Variations in Genes can Influence the Risk of Age-Related Macular Degeneration
News Mar 07, 2006
A team of researchers has determined that variations in certain genes involved in fighting infection can predict the risk of developing age-related macular degeneration (AMD).
The team, led by Bert Gold, Ph.D., and Michael Dean, Ph.D., of the National Cancer Institute, part of the National Institutes of Health, identified a genetic variant that is associated with an increased risk of developing AMD.
They also found two genetic variants that protect against developing this disease. Study results appear online March 5, 2006 in "Nature Genetics".
The genes analyzed in this study - Complement Factor B (BF) and Complement Component 2 (C2) - contain the instructions to make proteins that activate the body's immune defense against microbial infections.
These defense responses are part of a system called the complement pathways. These pathways involve numerous proteins in the blood that work in association with the body's immune cells and antibodies to destroy bacteria, viruses or fungi invading the body.
Some complement proteins can stimulate inflammation, the redness and swelling that result in tissues when they are infected.
Previous studies have shown that genetic variations in complement pathway genes can cause a dysfunction in the inflammatory response that plays a central role in the pathology of AMD.
Based on these findings, investigators initiated this study, which screened almost 900 patients with AMD and 400 unaffected individuals for genetic variants in the BF and C2 genes.
Data analysis revealed that specific variants in each gene were associated with AMD. One genetic variant conferred an increased risk for AMD, while two genetic variants showed protection against developing this disease.
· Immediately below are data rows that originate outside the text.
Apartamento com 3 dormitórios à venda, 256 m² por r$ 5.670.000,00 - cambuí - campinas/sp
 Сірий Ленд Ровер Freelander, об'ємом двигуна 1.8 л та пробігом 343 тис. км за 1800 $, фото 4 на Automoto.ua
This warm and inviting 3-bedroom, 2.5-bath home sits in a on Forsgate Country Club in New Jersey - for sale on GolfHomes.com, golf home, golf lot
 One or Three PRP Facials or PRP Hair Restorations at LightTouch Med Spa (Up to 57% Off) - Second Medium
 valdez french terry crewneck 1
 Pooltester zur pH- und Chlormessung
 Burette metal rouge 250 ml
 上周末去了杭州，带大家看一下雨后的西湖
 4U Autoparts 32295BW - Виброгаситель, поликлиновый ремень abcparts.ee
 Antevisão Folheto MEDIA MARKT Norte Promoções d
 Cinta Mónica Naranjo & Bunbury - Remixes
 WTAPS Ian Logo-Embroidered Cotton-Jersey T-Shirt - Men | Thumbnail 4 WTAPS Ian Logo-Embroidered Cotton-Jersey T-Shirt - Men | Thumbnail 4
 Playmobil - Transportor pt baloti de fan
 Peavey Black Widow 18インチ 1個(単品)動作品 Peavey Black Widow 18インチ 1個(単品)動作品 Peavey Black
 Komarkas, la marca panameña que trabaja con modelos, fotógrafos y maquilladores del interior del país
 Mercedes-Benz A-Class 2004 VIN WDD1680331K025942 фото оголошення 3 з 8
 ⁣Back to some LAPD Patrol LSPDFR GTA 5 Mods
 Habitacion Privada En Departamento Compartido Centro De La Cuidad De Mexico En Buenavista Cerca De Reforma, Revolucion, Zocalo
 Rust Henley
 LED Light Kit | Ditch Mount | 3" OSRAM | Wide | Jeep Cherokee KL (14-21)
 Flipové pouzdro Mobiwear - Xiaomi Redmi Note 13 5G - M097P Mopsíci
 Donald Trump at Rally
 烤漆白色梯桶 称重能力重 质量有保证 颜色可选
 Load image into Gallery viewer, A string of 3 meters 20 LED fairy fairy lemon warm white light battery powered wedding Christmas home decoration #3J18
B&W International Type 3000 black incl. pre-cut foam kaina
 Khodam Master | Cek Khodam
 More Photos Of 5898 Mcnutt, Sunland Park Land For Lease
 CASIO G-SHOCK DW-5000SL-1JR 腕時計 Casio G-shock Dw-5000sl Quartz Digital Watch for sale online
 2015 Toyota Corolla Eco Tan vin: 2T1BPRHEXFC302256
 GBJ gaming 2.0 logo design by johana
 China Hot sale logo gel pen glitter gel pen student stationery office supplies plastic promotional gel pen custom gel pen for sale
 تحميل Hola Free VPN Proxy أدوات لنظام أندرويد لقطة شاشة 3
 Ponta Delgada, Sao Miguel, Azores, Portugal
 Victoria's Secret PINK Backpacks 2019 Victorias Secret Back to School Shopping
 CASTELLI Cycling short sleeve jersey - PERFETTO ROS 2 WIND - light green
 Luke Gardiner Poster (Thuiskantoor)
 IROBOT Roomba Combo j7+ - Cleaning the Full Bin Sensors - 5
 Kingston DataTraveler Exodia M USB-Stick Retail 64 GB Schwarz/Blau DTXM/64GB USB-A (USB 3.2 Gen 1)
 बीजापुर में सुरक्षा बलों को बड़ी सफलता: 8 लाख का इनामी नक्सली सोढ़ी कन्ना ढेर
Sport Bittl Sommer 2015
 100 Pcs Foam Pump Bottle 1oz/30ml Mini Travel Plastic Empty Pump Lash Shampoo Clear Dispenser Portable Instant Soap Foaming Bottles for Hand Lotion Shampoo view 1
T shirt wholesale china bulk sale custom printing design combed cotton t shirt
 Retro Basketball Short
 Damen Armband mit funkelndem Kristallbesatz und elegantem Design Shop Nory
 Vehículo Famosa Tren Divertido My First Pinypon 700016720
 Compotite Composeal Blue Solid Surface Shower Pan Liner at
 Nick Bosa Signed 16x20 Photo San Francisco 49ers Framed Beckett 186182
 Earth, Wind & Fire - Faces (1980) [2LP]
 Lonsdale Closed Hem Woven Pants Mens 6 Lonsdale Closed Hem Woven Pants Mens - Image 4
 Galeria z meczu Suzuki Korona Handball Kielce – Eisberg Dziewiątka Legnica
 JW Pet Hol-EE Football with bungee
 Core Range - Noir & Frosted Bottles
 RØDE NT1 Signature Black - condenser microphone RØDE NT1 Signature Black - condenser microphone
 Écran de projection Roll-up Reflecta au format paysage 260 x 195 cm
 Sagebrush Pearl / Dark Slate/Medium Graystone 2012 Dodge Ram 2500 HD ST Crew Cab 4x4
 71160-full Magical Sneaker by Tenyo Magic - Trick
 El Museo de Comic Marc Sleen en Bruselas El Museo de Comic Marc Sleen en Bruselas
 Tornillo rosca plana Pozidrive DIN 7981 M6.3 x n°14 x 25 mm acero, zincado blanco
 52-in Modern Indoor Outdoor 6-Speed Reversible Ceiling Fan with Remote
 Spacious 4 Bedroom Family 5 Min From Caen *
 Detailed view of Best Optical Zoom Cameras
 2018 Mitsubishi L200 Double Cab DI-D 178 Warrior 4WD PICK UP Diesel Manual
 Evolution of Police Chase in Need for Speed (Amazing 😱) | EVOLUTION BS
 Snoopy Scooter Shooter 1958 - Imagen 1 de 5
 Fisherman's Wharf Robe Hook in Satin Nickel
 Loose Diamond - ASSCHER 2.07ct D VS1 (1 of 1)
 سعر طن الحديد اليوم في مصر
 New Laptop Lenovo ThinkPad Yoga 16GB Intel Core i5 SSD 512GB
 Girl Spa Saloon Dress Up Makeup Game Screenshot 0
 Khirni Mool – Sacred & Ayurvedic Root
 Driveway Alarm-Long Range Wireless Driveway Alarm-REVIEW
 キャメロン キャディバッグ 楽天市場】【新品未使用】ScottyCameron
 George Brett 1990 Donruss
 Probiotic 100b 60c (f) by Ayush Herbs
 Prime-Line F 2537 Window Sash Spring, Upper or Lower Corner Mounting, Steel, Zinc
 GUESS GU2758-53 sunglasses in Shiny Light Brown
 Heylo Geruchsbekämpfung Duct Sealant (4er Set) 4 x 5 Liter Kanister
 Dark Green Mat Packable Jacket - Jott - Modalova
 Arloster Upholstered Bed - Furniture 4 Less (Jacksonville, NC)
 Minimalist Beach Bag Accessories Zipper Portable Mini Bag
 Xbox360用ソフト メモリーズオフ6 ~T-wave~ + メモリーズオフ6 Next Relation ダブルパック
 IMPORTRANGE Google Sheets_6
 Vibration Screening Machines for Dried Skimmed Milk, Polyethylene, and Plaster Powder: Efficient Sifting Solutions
These results, when analyzed in association with results linking AMD and genetic variants of Complement Factor H - a gene than contains the instructions to make a protein that inhibits the complement system - showed that 56 percent of the unaffected individuals had a variant that conferred protection to AMD while 74 percent of those with AMD had no protective variants.
"These studies confirm that AMD has a strong genetic component," said Paul Sieving, M.D., Ph.D., director, National Eye Institute, at NIH.
"This may support the development of screening tests for risk of developing AMD, which would allow us to administer treatment early in the course of disease. Knowing the underlying genetic alterations for risk could also aid in developing preventive therapies tailored to an individual's genetic background."
"We were studying a very common disease, but no one knew its cause. It was unexpected to find that the immune system was involved in causing AMD," said Gold, Laboratory of Genomic Diversity at NCI and lead author of this study.
"Understanding how genetic variations in complement pathway genes are causing this common, complex disease could be very helpful in understanding other complex diseases, such as cancer."
This discovery of a link between genetic variants in complement genes and AMD may be relevant to the role of complement in cancer progression.
The National Institutes of Health - "The Nation's Medical Research Agency" - includes 27 Institutes and Centers and is a component of the U.S. Department of Health and Human Services.